The dataset contains three categories (three species of Iris), however for the sake of simplicity it is easier if the target data is binary. Therefore we will remove the data from the last species of Iris.

# Load the iris dataset
iris = datasets.load_iris()

# Create X from the features
X = iris.data

# Create y from output
y = iris.target

# Remake the variable, keeping all data where the category is not 2.
X = X[y != 2]
y = y[y != 2]

View The Data

# View the features
X[0:5]
array([[ 5.1,  3.5,  1.4,  0.2],
       [ 4.9,  3. ,  1.4,  0.2],
       [ 4.7,  3.2,  1.3,  0.2],
       [ 4.6,  3.1,  1.5,  0.2],
       [ 5. ,  3.6,  1.4,  0.2]])
# View the target data
y
array([0, 0, 0, 0, 0, 0, 0, 0, 0, 0, 0, 0, 0, 0, 0, 0, 0, 0, 0, 0, 0, 0, 0,
       0, 0, 0, 0, 0, 0, 0, 0, 0, 0, 0, 0, 0, 0, 0, 0, 0, 0, 0, 0, 0, 0, 0,
       0, 0, 0, 0, 1, 1, 1, 1, 1, 1, 1, 1, 1, 1, 1, 1, 1, 1, 1, 1, 1, 1, 1,
       1, 1, 1, 1, 1, 1, 1, 1, 1, 1, 1, 1, 1, 1, 1, 1, 1, 1, 1, 1, 1, 1, 1,
       1, 1, 1, 1, 1, 1, 1, 1])

Split The Data Into Training And Test Sets

# Split the data into test and training sets, with 30% of samples being put into the test set
X_train, X_test, y_train, y_test = train_test_split(X, y, test_size=0.3, random_state=0)

Standardize Features

Because the regularization penalty is comprised of the sum of the absolute value of the coefficients, we need to scale the data so the coefficients are all based on the same scale.

# Create a scaler object
sc = StandardScaler()

# Fit the scaler to the training data and transform
X_train_std = sc.fit_transform(X_train)

# Apply the scaler to the test data
X_test_std = sc.transform(X_test)

Run Logistic Regression With A L1 Penalty With Various Regularization Strengths

The usefulness of L1 is that it can push feature coefficients to 0, creating a method for feature selection.

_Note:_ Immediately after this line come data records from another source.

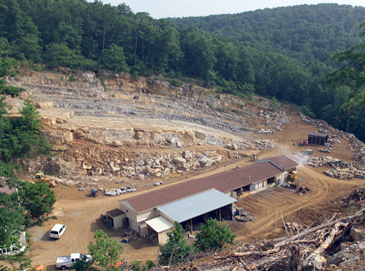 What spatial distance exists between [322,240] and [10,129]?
2417cm

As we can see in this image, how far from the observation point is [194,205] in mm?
18703

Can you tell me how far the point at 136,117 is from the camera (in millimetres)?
32531

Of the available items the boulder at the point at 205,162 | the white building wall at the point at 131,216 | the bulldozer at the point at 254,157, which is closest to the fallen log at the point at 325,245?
the white building wall at the point at 131,216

In the code below we run a logistic regression with a L1 penalty four times, each time decreasing the value of C. We should expect that as C decreases, more coefficients become 0.

C = [10, 1, .1, .001]

for c in C:
    clf = LogisticRegression(penalty='l1', C=c)
    clf.fit(X_train, y_train)
    print('C:', c)
    print('Coefficient of each feature:', clf.coef_)
    print('Training accuracy:', clf.score(X_train, y_train))
    print('Test accuracy:', clf.score(X_test, y_test))
    print('')
C: 10
Coefficient of each feature: [[-0.0855264  -3.75409972  4.40427765  0.        ]]
Training accuracy: 1.0
Test accuracy: 1.0

C: 1
Coefficient of each feature: [[ 0.         -2.28800472  2.5766469   0.        ]]
Training accuracy: 1.0
Test accuracy: 1.0

C: 0.1
Coefficient of each feature: [[ 0.         -0.82310456  0.97171847  0.        ]]
Training accuracy: 1.0
Test accuracy: 1.0

C: 0.001
Coefficient of each feature: [[ 0.  0.  0.  0.]]
Training accuracy: 0.5
Test accuracy: 0.5

Notice that as C decreases the model coefficients become smaller (for example from 4.36276075 when C=10 to 0.0.97175097 when C=0.1), until at C=0.001 all the coefficients are zero. This is the effect of the regularization penalty becoming more prominent.